It is worth noting that the goals of Bayesian approaches to word learning are “at the level of computational theory [48] or rational analysis [49] to understand in functional terms how implicit knowledge and inferential machinery guide people in generalizing from examples rather than to describe precisely the psychological processes involved” [, pg. 250]. However, it does not seem useful—nor do I believe it was Marr’s intention—to treat these levels of analysis as disjoint, without an attempt to match actual human processing behavior. We should aim to connect computational descriptions with algorithmic or mechanistic explanations of word learning. As noted by Bonowitz et al. [50, pg. 60]: “Following the procedures of Bayesian inference by enumerating and testing each possible hypothesis is computationally costly, and so could not be the actual algorithm that learners use... considering the algorithmic level of analysis more seriously can help to address these significant challenges for Bayesian models of cognition.” This is precisely one aim of the NGM.

Word learning involves the construction of mental representations of meaning. While statistical inference accounts of this process posit a global optimization over a (potentially large) set of hypotheses, I instead argue that word learning is an incremental “good enough” process. Like other psycholinguistic processes, this is fundamentally constrained by the Immediacy of Linguistic Computation. From an algorithmic perspective, hypothesized representations are first generated and then only locally revised—as needed—based on input data. On this account, not all plausible hypotheses are simultaneously available. Meanings are built incrementally; any evaluation metric functions only over what is generated from input by the learner. This Markovian property is analogous to representations constructed for the perceptual learning of speech [13]: once the learner extracts a belief about what a word potentially means and the original stimulus disappears, then that representation can be updated in the future but the learner is not directly privy to the sequence of input which led to that belief. This kind of limitation is parallel to the divide between global and local models of referent mapping in word learning [51].

The NGM that I introduce here offers an explanation of word learning phenomena grounded in category formation [52,53]. The NGM outlines a mechanism by which hearing novel words invites a learner to create a new category from component “features” or “properties.” Learners extract properties of objects and store a mental record of them. This is importantly different from statistical inference models of word learning because, under the NGM, word meanings are generated by the learner rather than only selected for. Once a representation has been generated for a novel word, the learner may evaluate subsequent labeled objects with respect to this hypothesized meaning; it is these mental representations that serve as the basis of word meanings and generalizations. I term this process “naïve” in the sense that it does not optimize for any particular global value. Under the NGM, both the creation and evaluation of word meanings function locally rather than in terms of a total distribution of input. While the NGM gives rise to rational input/output mappings such as SCE, this is the by-product of evaluating such the limited generated hypotheses for sufficient “consistency” with the input rather than complete optimization.

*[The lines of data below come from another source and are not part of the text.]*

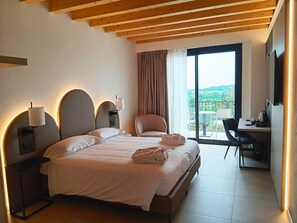 Quarto design | Roupas de cama antialérgicas, edredons de pluma, frigobar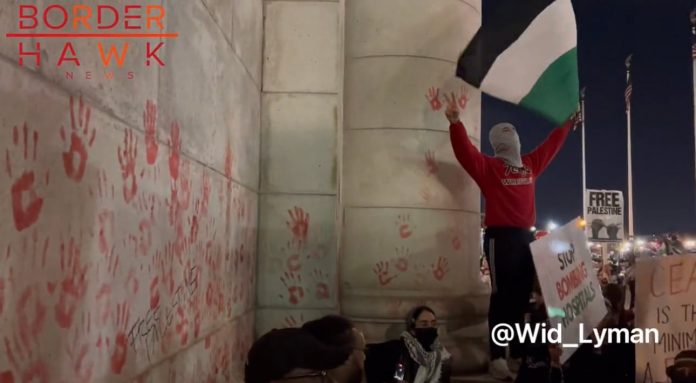 enjoy:-pro-hamas-demonstrators-rally-in-washington-dc,-vandalize-union-station-as-united-states-terror-threat-increases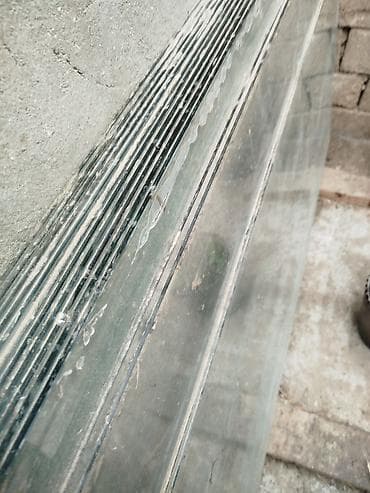 Dekorativ divar panelləri: Şüşə lövhələr – iri ölçülü, düz kənarlı - Material: şəffaf şüşə - — 1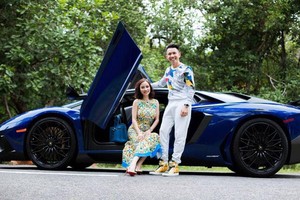 Minh Nhựa cầm lái "siêu bò" Lamborghini Aventador SV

In what follows, I outline previous models, and in particular the Bayesian inference model, along with experimental paradigms, and major phenomena in word meaning generalization. I provide a reanalysis of the experimental data reported in [16] which serves as a replication of the presentation-effect on a large scale while disentangling the main effect of PSE from its lack of interaction with SCE. I then introduce the NGM and its internal mechanisms, as an implementation of the theory of word learning as category formation. The local computation of hypotheses within the NGM can account for both SCE and PSE in a unified way. The NGM simulations are compared with human performance on seven different experimental conditions for word learning, varying over presentation-style, number, and hierarchical relation between training items. Based on two evaluation schemes, one parameter-independent and one parameter-tuned, these results offer support for the NGM over statistical inference models of generalization in word learning, and provide a concrete mechanism for how words invite the creation of categories [36,37].

The allure of optimization

Some of the most popular approaches to generalization in word learning have been built on hypothesis comparison and global optimization (XT and subsequent work): A large set of hypotheses compete based on the relative probability that each hypothesis would be generated by the attested input data. The task is then re-framed as choosing how words map onto those concepts by ruling out impossible or less probable hypotheses until a consistent hypothesis is reached.

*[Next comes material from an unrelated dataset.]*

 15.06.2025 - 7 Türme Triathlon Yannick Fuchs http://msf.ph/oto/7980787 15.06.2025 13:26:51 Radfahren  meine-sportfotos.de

The Bayesian model posits that the learner keeps track of their observed sample of referents (out of a known domain of possible items) labeled by a novel word. By assuming that the learner has access to a hypothesis space over the possible concepts that this novel word might map to, the heavy lifting in word learning is understood to arise from a probabilistic model relating individual hypotheses to the observed sample of exemplars. The Bayesian learner evaluates all hypotheses for candidate word meanings according to Bayes’ rule, by computing their posterior probabilities (the likelihood of each hypothesis given the input data p(hypothesisreferents)), proportional to the product of prior probabilities p(hypothesis) and likelihoods p(referentshypothesis).

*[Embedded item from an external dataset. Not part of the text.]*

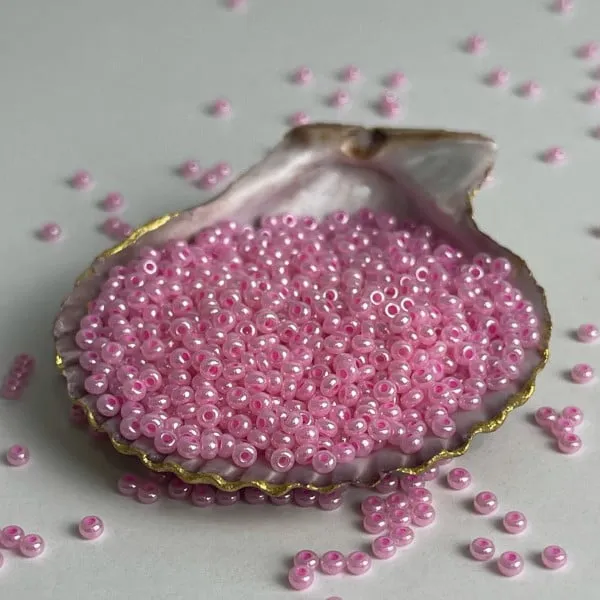 Preciosa Round Seed Beads 37175 11/0 3.5 Oz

This kind of model can be thought of as global in two ways [51]. First, calculations of hypothesis-fit to the data are taken over all input received. In the limit, the learner would need to track some record of every attested exemplar in order to compute probabilities over them. Second, all alternative hypotheses are also calculated for goodness-of-fit to the input data. This allows for global comparison, not only between total input and some temporary hypothesis, but between all hypotheses themselves—contra the Immediacy of Computation as a bottleneck on learning [12].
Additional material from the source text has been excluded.